If things are going right, read-receipt symbols are a comforting space like a lover’s embrace. But when things are going wrong, these notifications become a mental evaluation of your self-worth, an analysis of your character, every life decision you’ve ever made and every emoji you’ve sent. The highs and lows of a relationship in these technology-addled times are dizzying – and at the end of it, both parties realise they’ve spent most of their time breathing into a paper bag.

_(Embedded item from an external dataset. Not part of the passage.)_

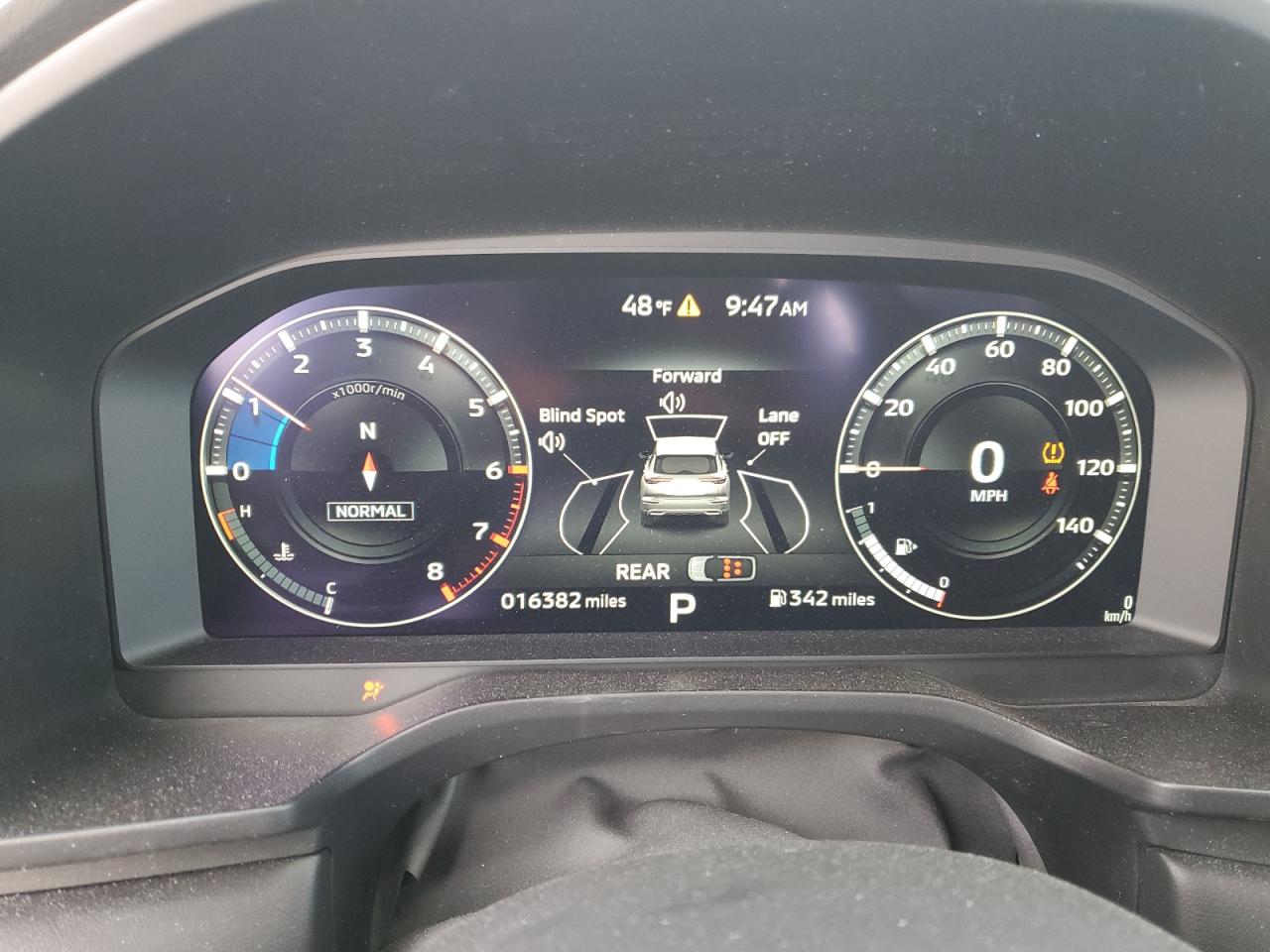 2024 Mitsubishi Outlander - Image 9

In our highly digitised world, the reply time to a text is emblematic of the power dynamic in every relationship. Sometimes it even defines them, making it the perfect metric to study the balance in a relationship. Those who hold the power in a relationship know what to do with the read receipt. Simply ignore it. For immensely powerful species with balls of steel, not responding to seen messages is a personal power trip. It lets people know their communication has been received but that the recipient is too busy to respond, or that their communication does not deserve a response (Sir/Lady, whoever you are, you deserve a standing ovation).

And then there are those who succeed in switching off read receipts. They’re the savants, the dreamers of dreams. The round pegs in square holes. The noble souls who never joined the blatant exhibitionism of techno muscle-flexing. People who efficiently slide in-and-out of our DMs.

To them, I doff my miserable hat. In this world of rampant unhappiness, they are the only happy ones. They are also probably the only reason we’re still cruising ahead as a species, a full five years after the invention of read receipts. The rest of us might not live long enough – we’ll likely die of anxiety.